Case Study: Automating System Health Checks

Background

This case study will focus on how IDT applied automation to tests performed on a complex system of systems during the installation process. The automation in this case study was concentrated on the computer and network health checks that were being performed during a 72 hour longevity test that is conducted during the installation process. Using the current manual approach, the health checks were performed every four hours throughout the duration of the longevity test.

Strategy/Approach

IDT initiated an automated test strategy that applied ATRT: Test Manager to perform the health check function for this system. Health checks basically provide a snapshot of the overall health or performance of a system at a moment in time. In this case, the health check consisted of verifying that the data created on one system of the network was seen by the other systems on the network. More specifically, data is entered through the GUI on one system and then the information is verified across multiple systems throughout the network. If the data failed to be viewed on the remote systems, the health check failed.

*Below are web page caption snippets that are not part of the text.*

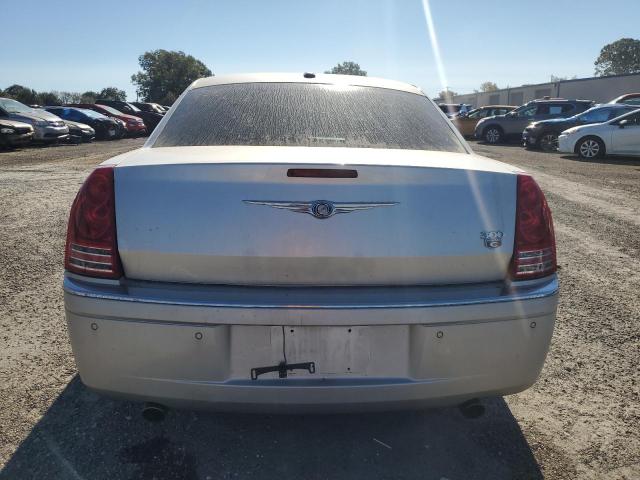 2C3CA6CT3AH126633 - 2010 CHRYSLER 300C SILVER photo 6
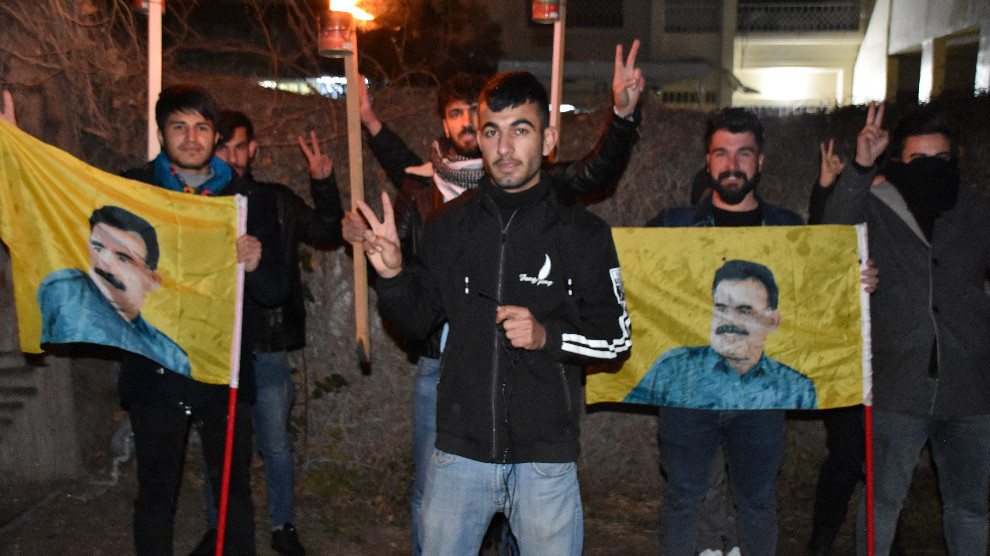 Ciwanên Başûr tecrîda li ser Ocalan protesto kirin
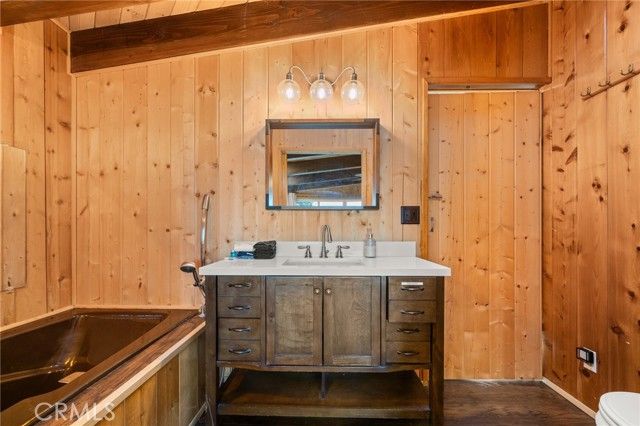 24251 Great View, Crestline, CA 92325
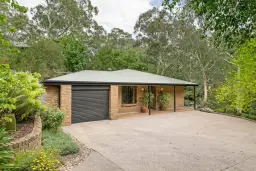 7 Red Road, Blackwood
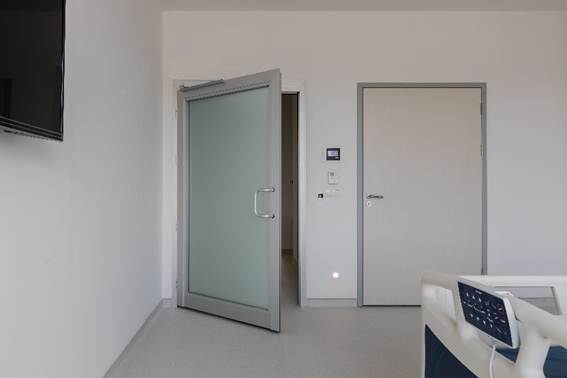 Engelli Odası Kapısı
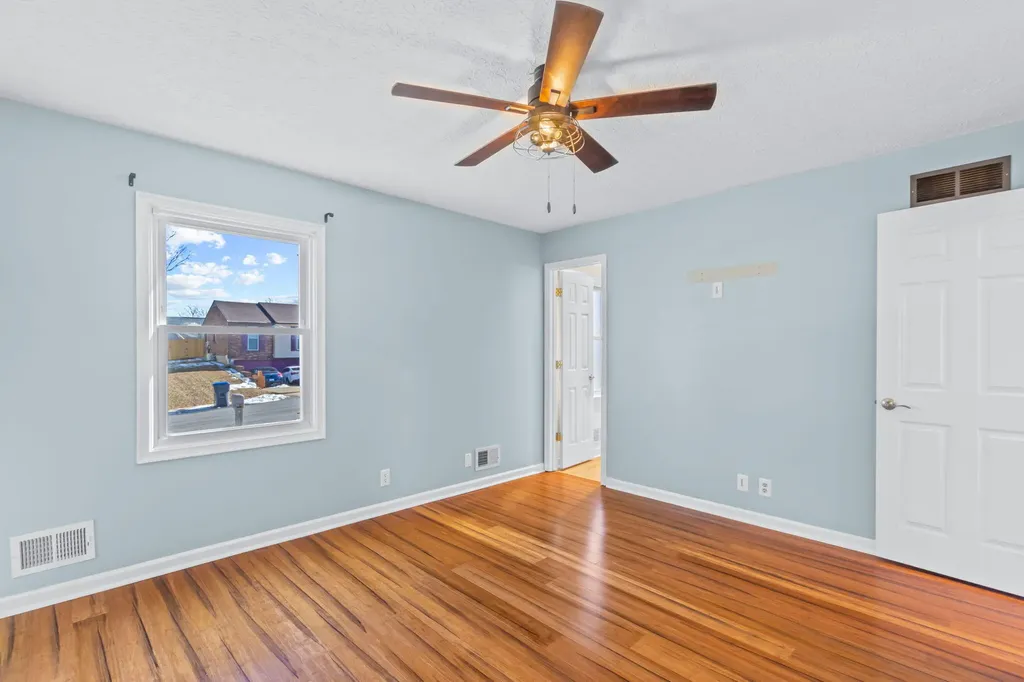 8010 Northern Spy Drive Louisville KY 40228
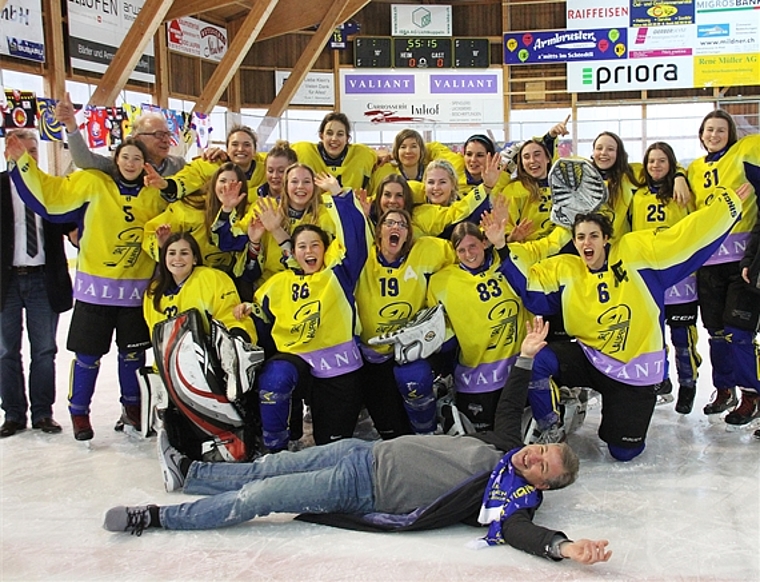 Begeisterung: EHC Laufen – Bronzemedaillengewinner des Swiss Women’s Hockey Cup 2015/16. Foto: eh-press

Prior to automation, the test team performing this function consisted of about 16 operators and one test director per shift. It was taking the test team approximately 45 minutes to complete each health check and assess the results. The objective for using ATRT: Test Manager was to reduce the health check execution time, reduce overall test team manpower, and increase frequency of performing health checks. ATRT: Test Manager is ideally suited to achieve these objectives in that ATRT: Test Manager can be setup and run for the duration of a longevity test with no operator intervention and also provides features which easily enable the validation of information across multiple systems.

Conclusion

Testing highly complex systems of systems in varying test environments is a challenging and demanding effort. In this case study we successfully applied automation to computer health check tests to determine status of the system under test. Test team manpower was significantly reduced and execution time was reduced to about 18 minutes. With the reduction of execution time, the frequency of health checks was able to increase from every four hours to being performed every half hour. Thus providing higher fidelity snapshots of system performance, confidence the system was performing as expected and faster notification to the test director if the system was not performing. The measurable overall productivity efficiency achieved for this effort was 79%.